The large field is bordered by hedgerows on three sides and woods on the fourth. Additional hedgerows divide the field perpendicularly about every 100 yards with small cutouts where the trails pass through.
I emerged from the woods and spotted something large walking along the east hedgerow about 40 yards away from the trail. It was tan, but then again so was everything else around it: the grass, the weeds, the hedgerow. I stopped in my tracks to watch it.
Before my brain fully comprehended the situation, I thought it was either a deer or a mountain lion. I quickly eliminated deer as it was clearly a large cat based on its smooth, stealthy and powerful stride. Can I finally put the mountain lion (or cougar or catamount) debate to rest with solid photos documenting the sighting?
I entertained that idea for about two seconds before my brain said, “Hold on. That’s a bobcat.”

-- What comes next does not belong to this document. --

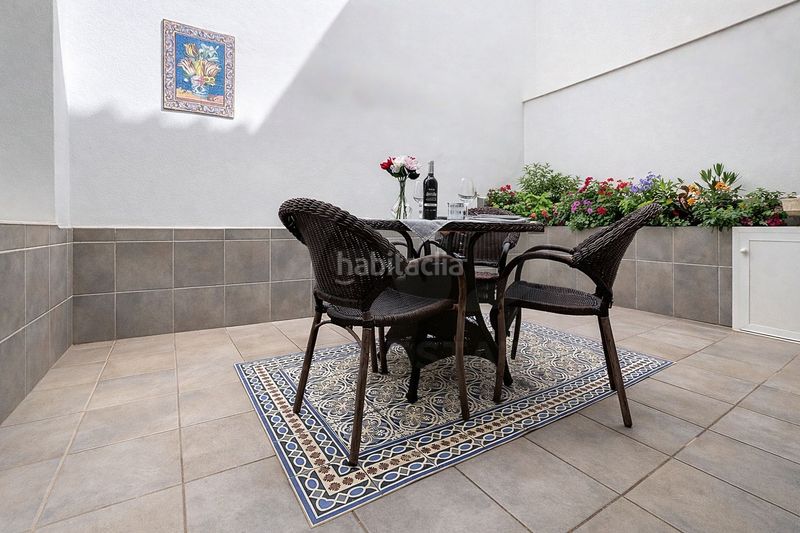 Foto 83665e21-f3d5-47ba-b104-e39d757ff95d. Casa a Lagos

I dug out my binoculars and confirmed that it was indeed a bobcat. It was my first bobcat sighting in many years and by far the closest and best look I’ve ever had. What a magnificent animal. Now I see why many people mistake them for mountain lions. Bobcats are much more substantially sized than a “large house cat,” as I have heard them described in the past. I have a good-sized house cat at home, and there’s no comparing it to the bobcat. Male bobcats average around 28 pounds and females around 18. The New Hampshire record, however, is 51 pounds.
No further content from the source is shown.